What is expected:
Please transcribe the data below exactly. Leave the pictures out.

Dataset excerpt:
|---|
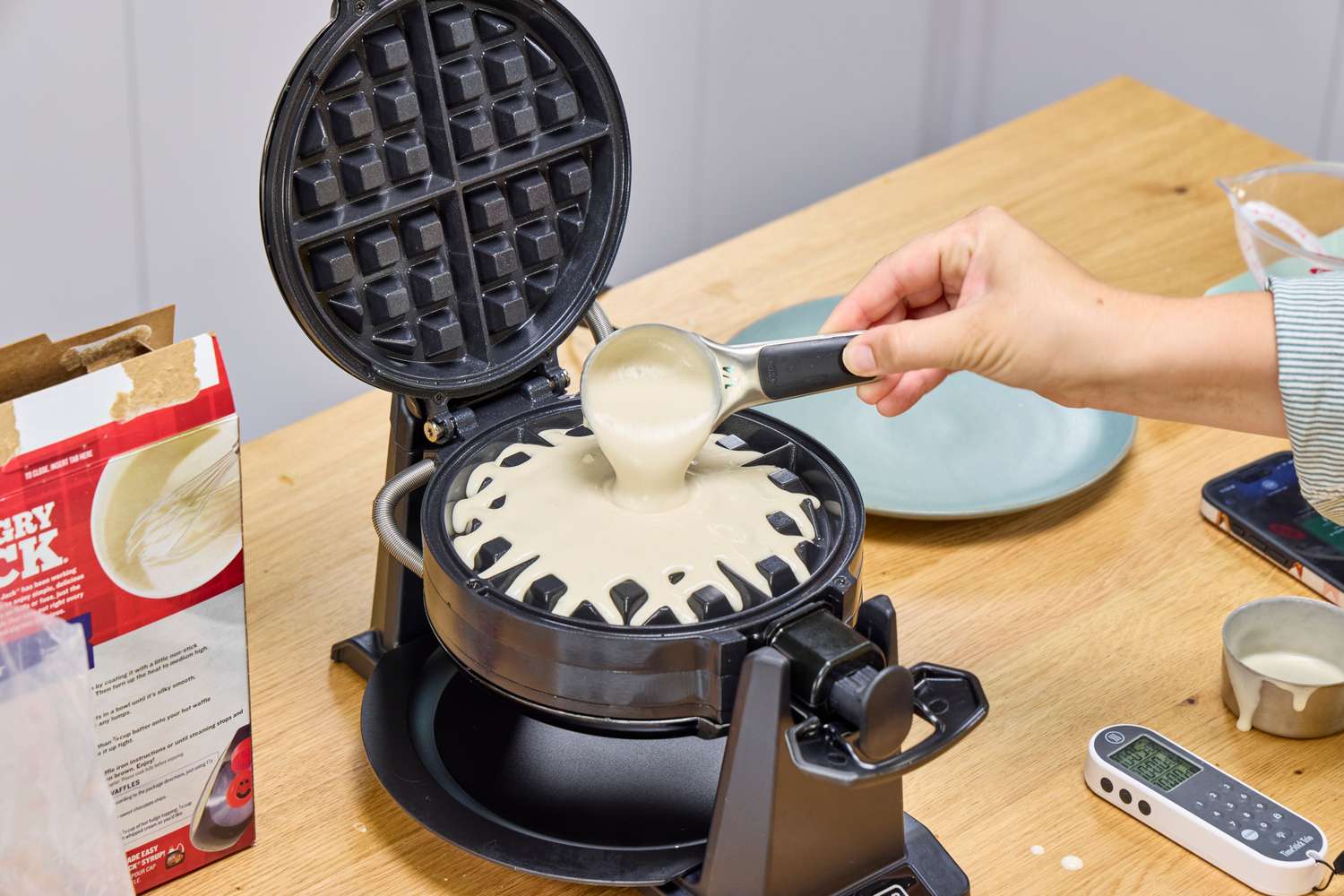 A person pours batter into the Black+Decker Double Flip Rotating Waffle Maker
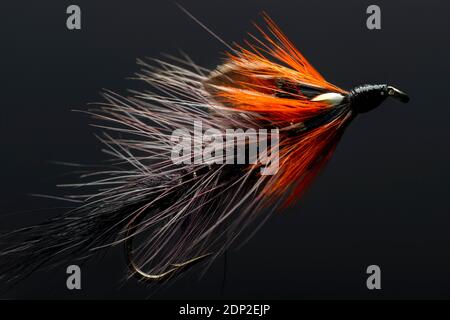 Brightly coloured hand-made fishing lure. Stock Photo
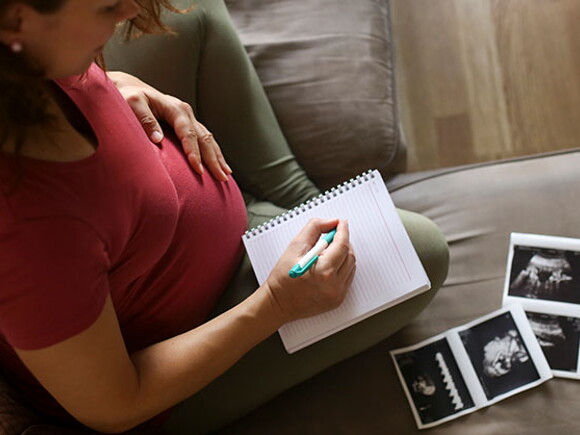 Mamá con un cuaderno mirando la ecografía de su embarazo múltiple.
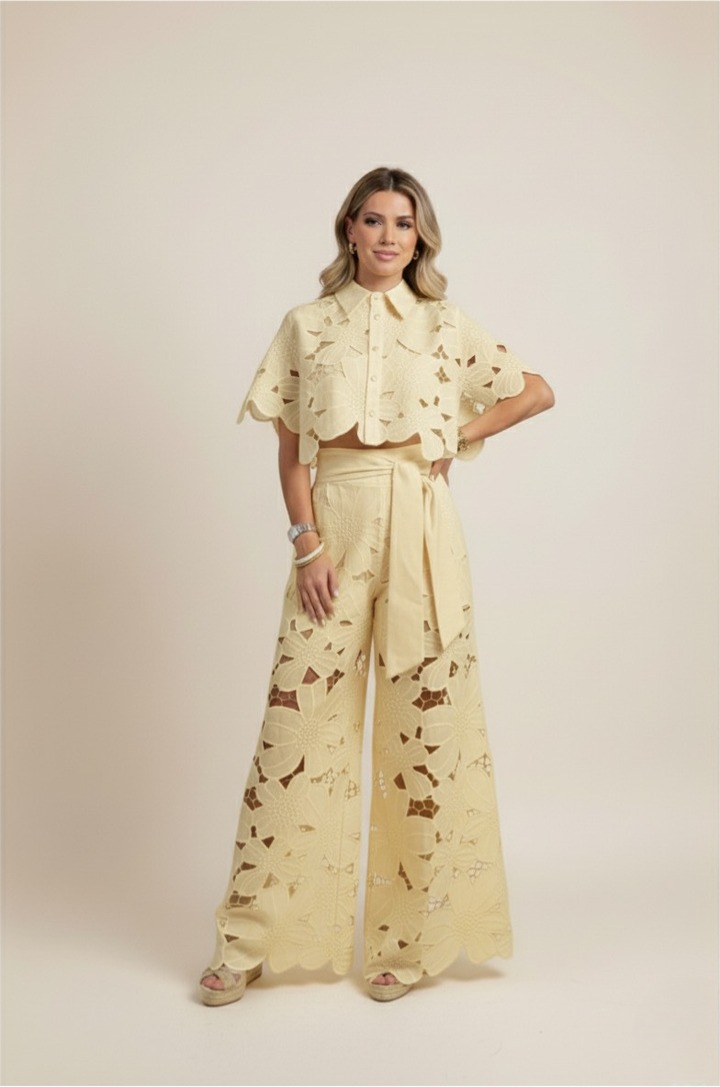 Woman walking in a comfortable floral embroidered two-piece wide-leg set, epitomizing casual elegance.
|---|
Reply to the task:
 A person pours batter into the Black+Decker Double Flip Rotating Waffle Maker
 Brightly coloured hand-made fishing lure. Stock Photo
 Mamá con un cuaderno mirando la ecografía de su embarazo múltiple.
 Woman walking in a comfortable floral embroidered two-piece wide-leg set, epitomizing casual elegance.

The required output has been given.